Task details | The listing below should be written out word for word, with its pictures removed.

Segment Start: Exercise data

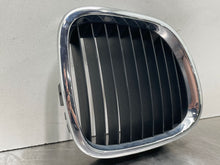 Load image into Gallery viewer, GRILLE BMW Z3 1996 96 1997 97 98 99 00 01 02 Right - NW442639
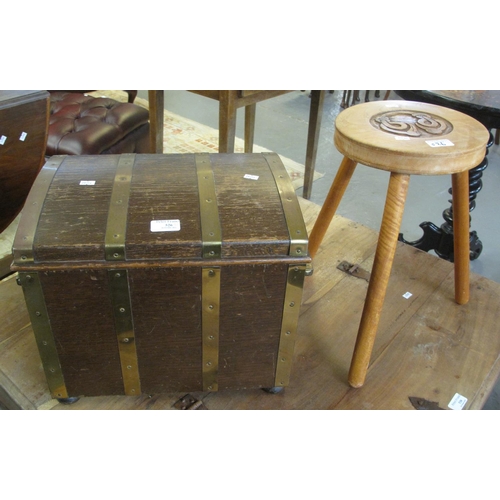 526 - Novelty oak and brass banded coal/log bin in the form of a treasure chest, together with a small bee... 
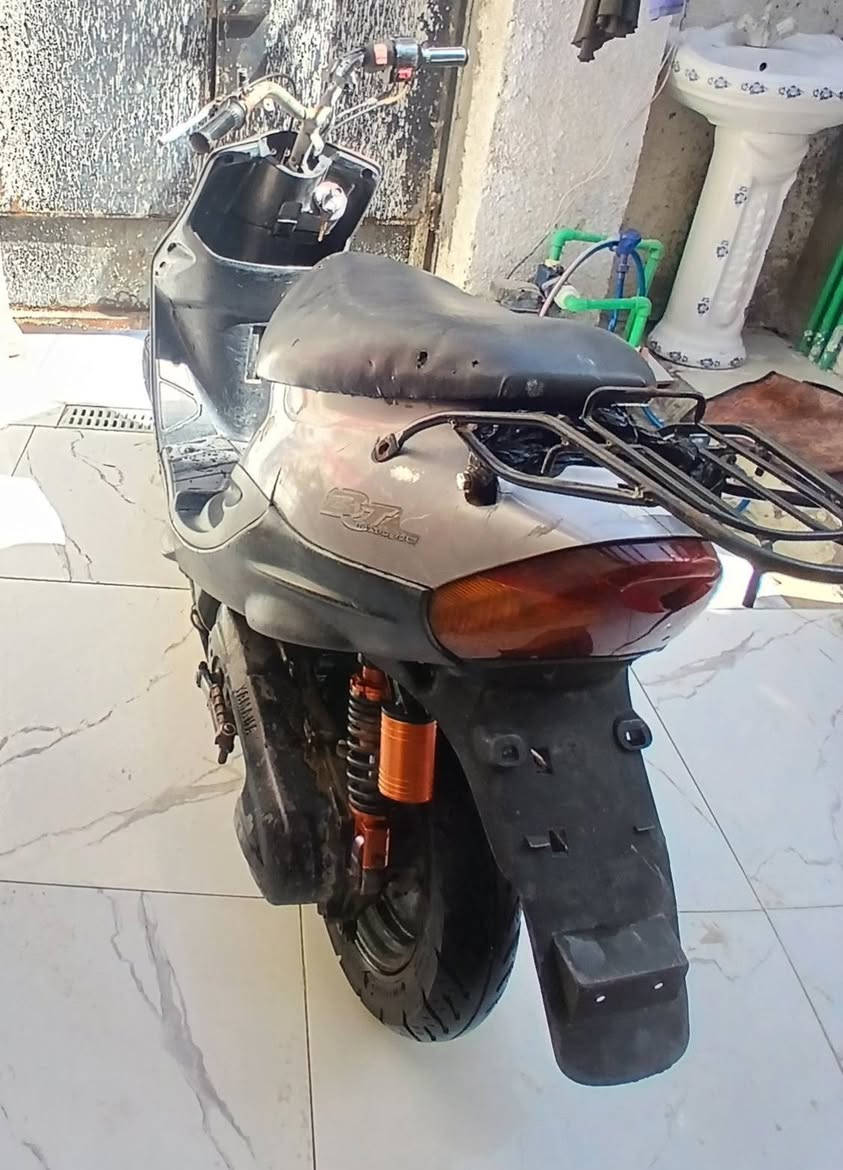 السلام عليكم دراجه 9زروف للبيع أو مراوسه سرعه 80 مابيهه صوت اكسل شغاله ربع هندر كامله من طول لطول السعر ٢٥٠ المكان بصره ابو الخصيب  ***********
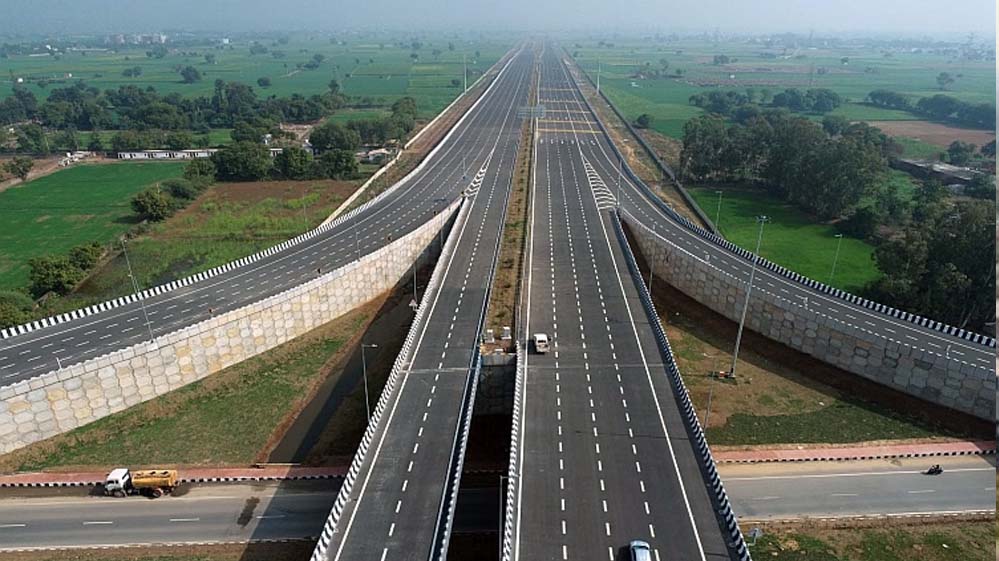 गंगा एक्सप्रेसवे पर 120 किमी/घंटा की रफ्तार से फर्राटा भर सकेंगे वाहन
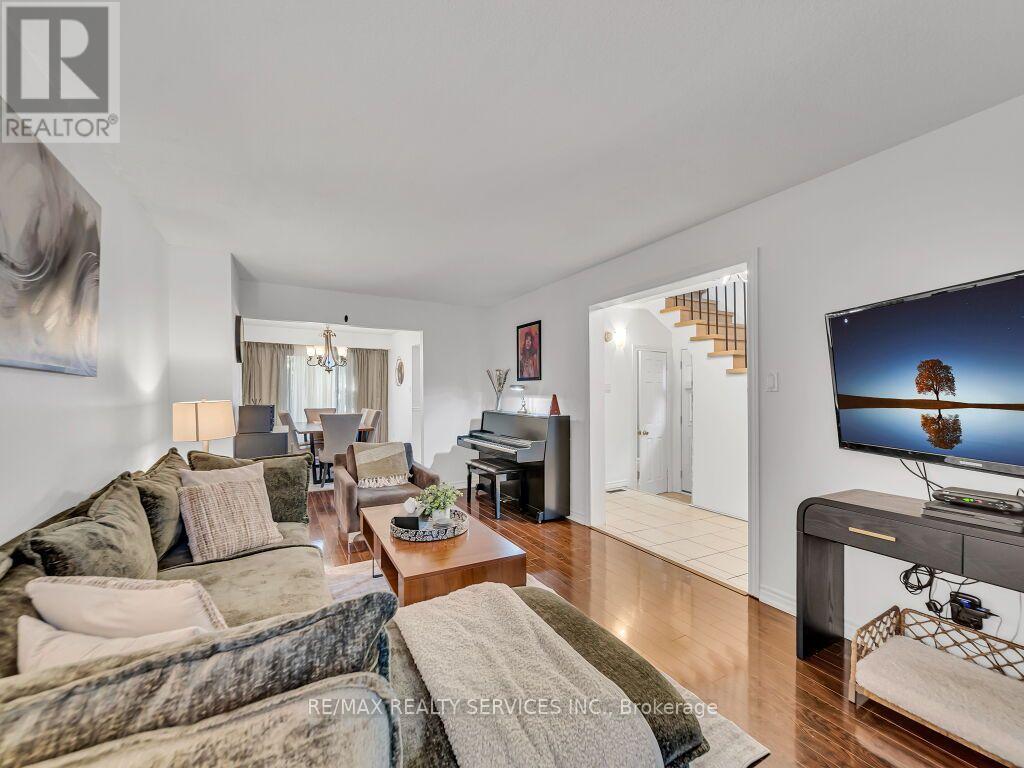 158 Fanshawe Drive, Brampton, ON photo 10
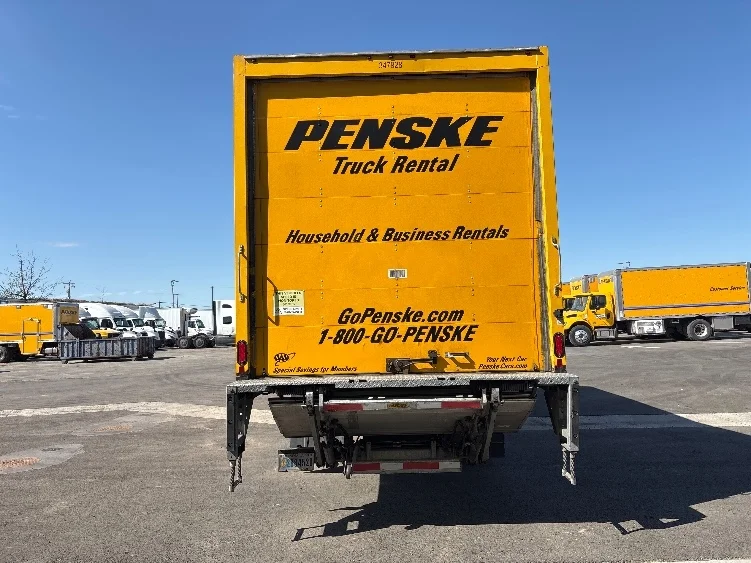 2020 Hino 338 in Fresno, CA — photo 7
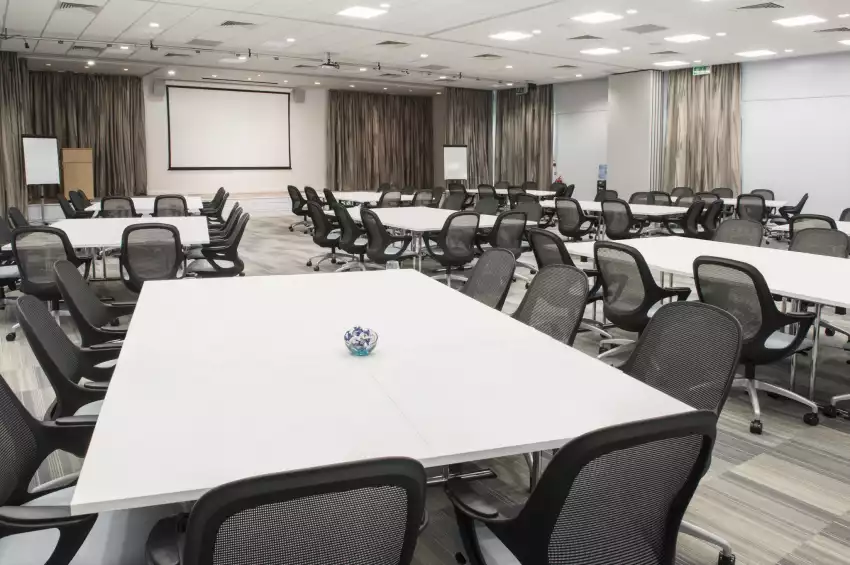 Conference venues in London: De Vere Latimer Estate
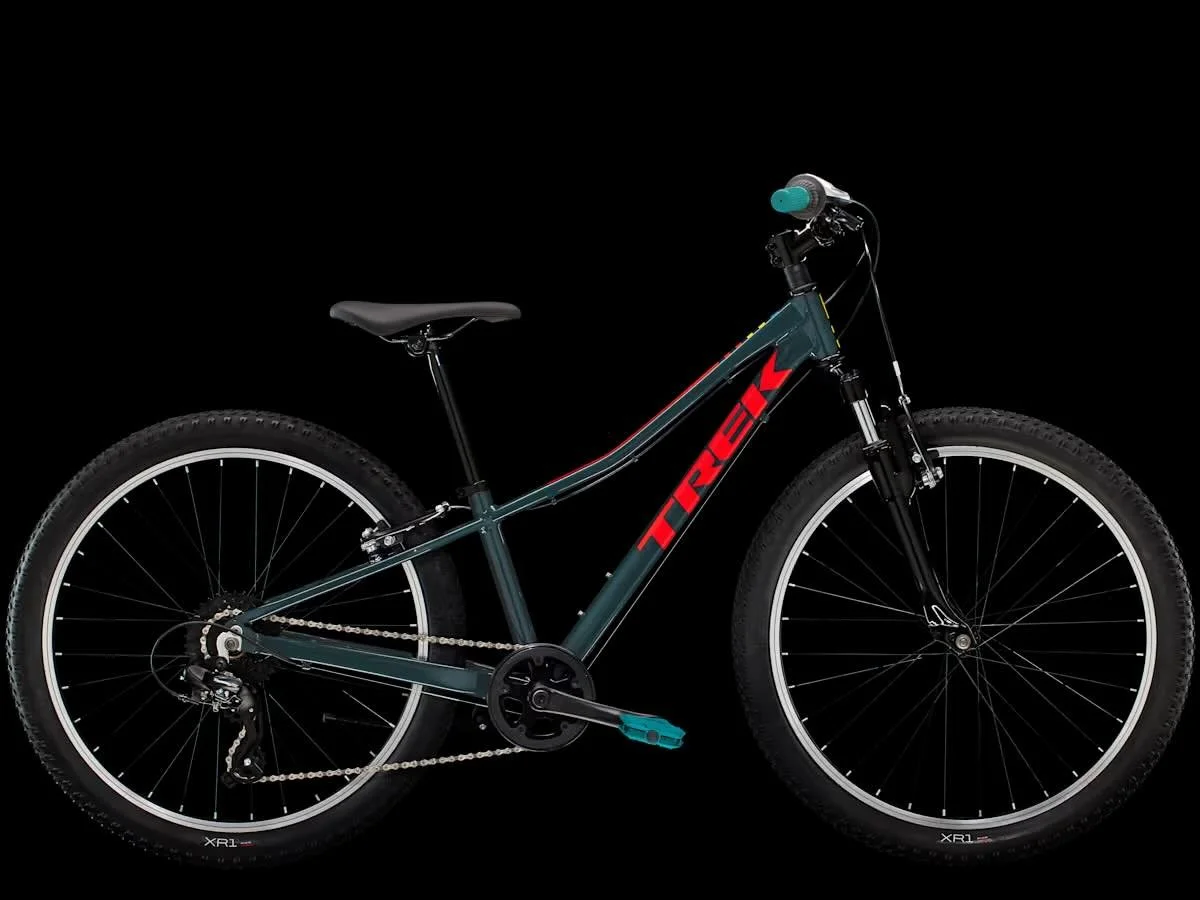 Get your kids a gift that will get them off their screens and outdoors! We have kids bikes, BMX bikes, and mountain bikes in stock and ready to roll under your Christmas tree 🚲🎄
https://www.johnscyclery.com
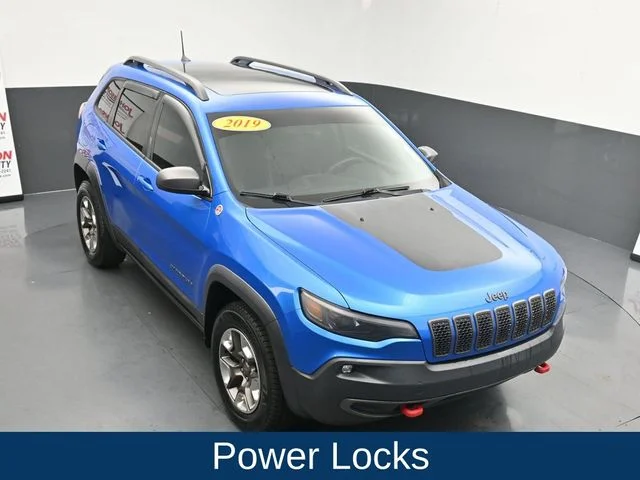 Used 2019 Blue Jeep Trailhawk image 12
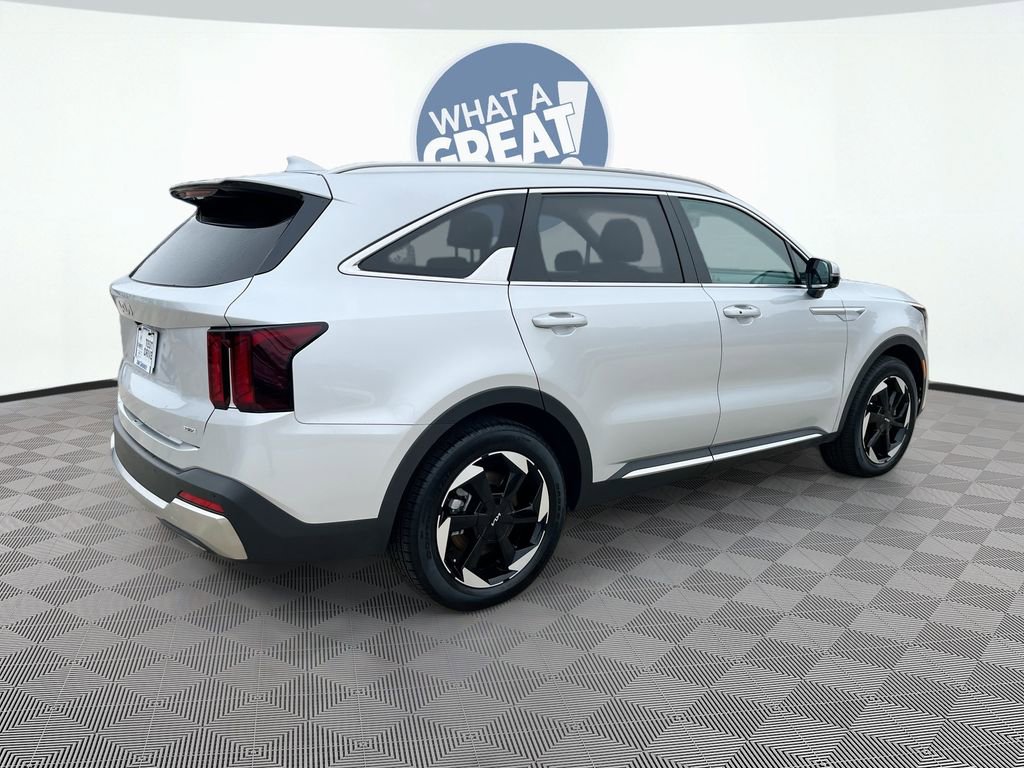 Certified 2025 Kia Sorento EX image 6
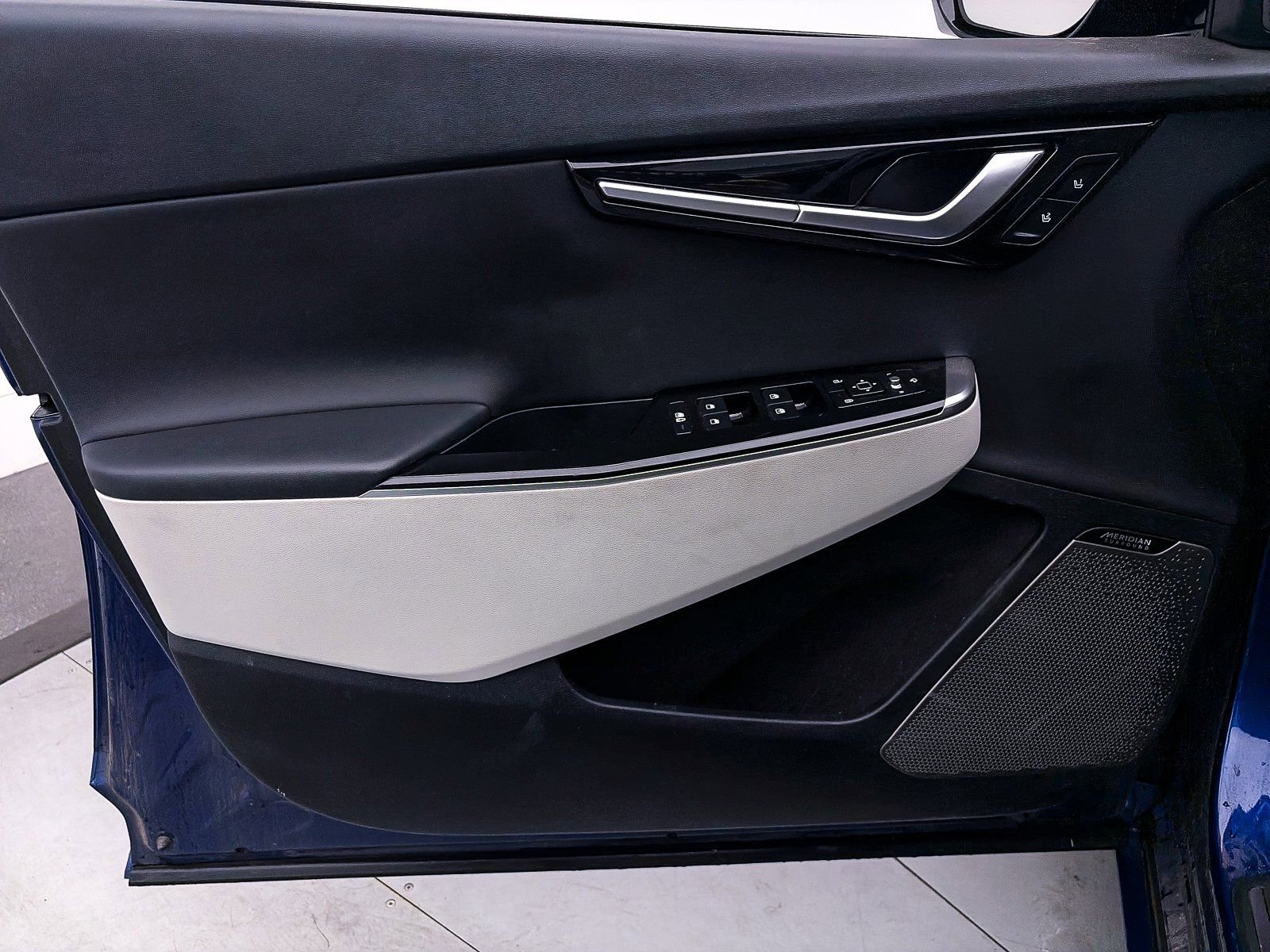 Used 2023 Kia EV6 GT-Line w/ GT-Line White Seat Package image 17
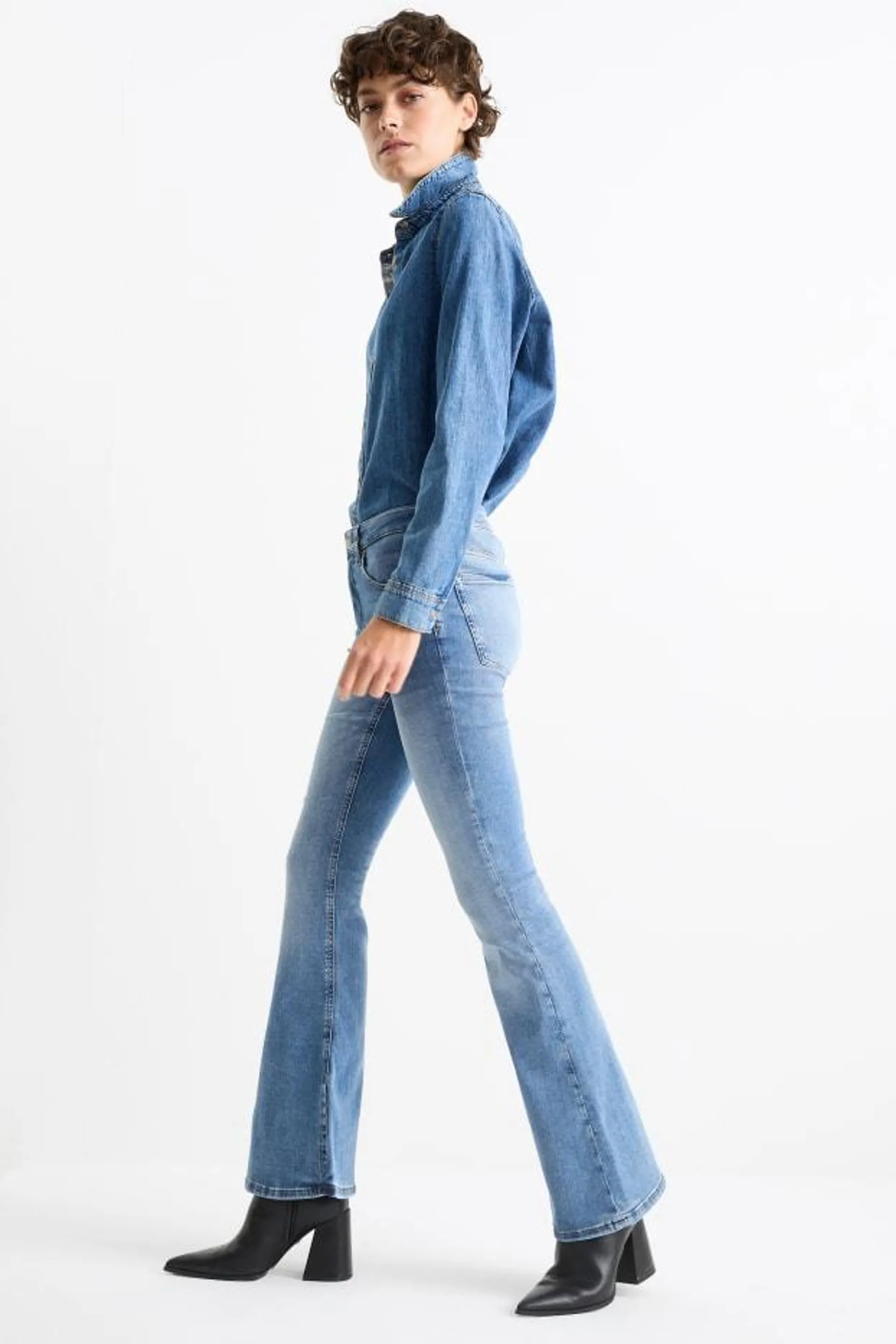 Flared jeans - mid-rise waist - LYCRA®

Segment End: Exercise data

Finished exercise |
 Load image into Gallery viewer, GRILLE BMW Z3 1996 96 1997 97 98 99 00 01 02 Right - NW442639
 526 - Novelty oak and brass banded coal/log bin in the form of a treasure chest, together with a small bee... 
 السلام عليكم دراجه 9زروف للبيع أو مراوسه سرعه 80 مابيهه صوت اكسل شغاله ربع هندر كامله من طول لطول السعر ٢٥٠ المكان بصره ابو الخصيب  ***********
 गंगा एक्सप्रेसवे पर 120 किमी/घंटा की रफ्तार से फर्राटा भर सकेंगे वाहन
 158 Fanshawe Drive, Brampton, ON photo 10
 2020 Hino 338 in Fresno, CA — photo 7
 Conference venues in London: De Vere Latimer Estate
 Get your kids a gift that will get them off their screens and outdoors! We have kids bikes, BMX bikes, and mountain bikes in stock and ready to roll under your Christmas tree 🚲🎄
https://www.johnscyclery.com
 Used 2019 Blue Jeep Trailhawk image 12
 Certified 2025 Kia Sorento EX image 6
 Used 2023 Kia EV6 GT-Line w/ GT-Line White Seat Package image 17
 Flared jeans - mid-rise waist - LYCRA®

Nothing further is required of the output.